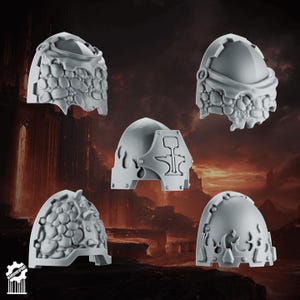 Peut inclure: Un ensemble de cinq épaulettes miniatures en résine grise pour figurines de jeux de plateau. Les pièces présentent des textures variées, notamment des motifs en relief rappelant la pierre, des flammes et un emblème d'enclume et de marteau.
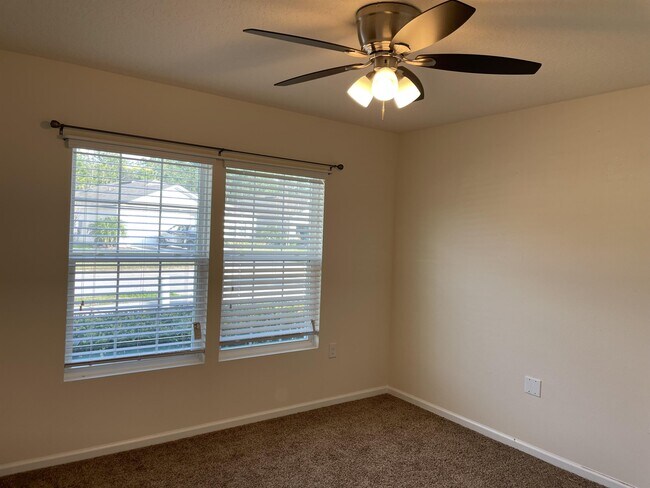 Building Photo - 131 Fairway Ct
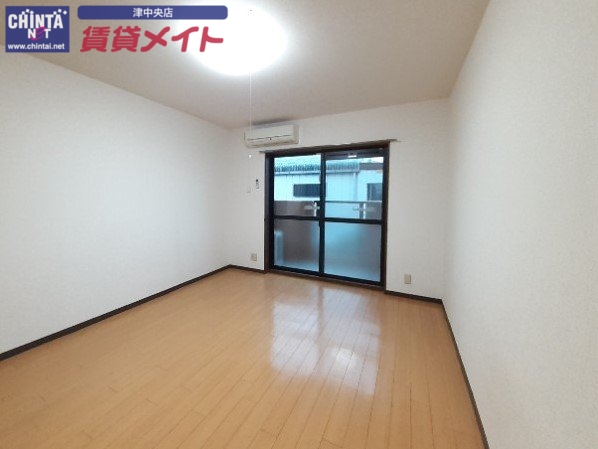 居室・リビング　同型参考写真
※ ※ ※
### Exercise
Go through the listing above and retype it exactly, skipping every picture.

### Expected output
 Peut inclure: Un ensemble de cinq épaulettes miniatures en résine grise pour figurines de jeux de plateau. Les pièces présentent des textures variées, notamment des motifs en relief rappelant la pierre, des flammes et un emblème d'enclume et de marteau.
 Building Photo - 131 Fairway Ct
 居室・リビング　同型参考写真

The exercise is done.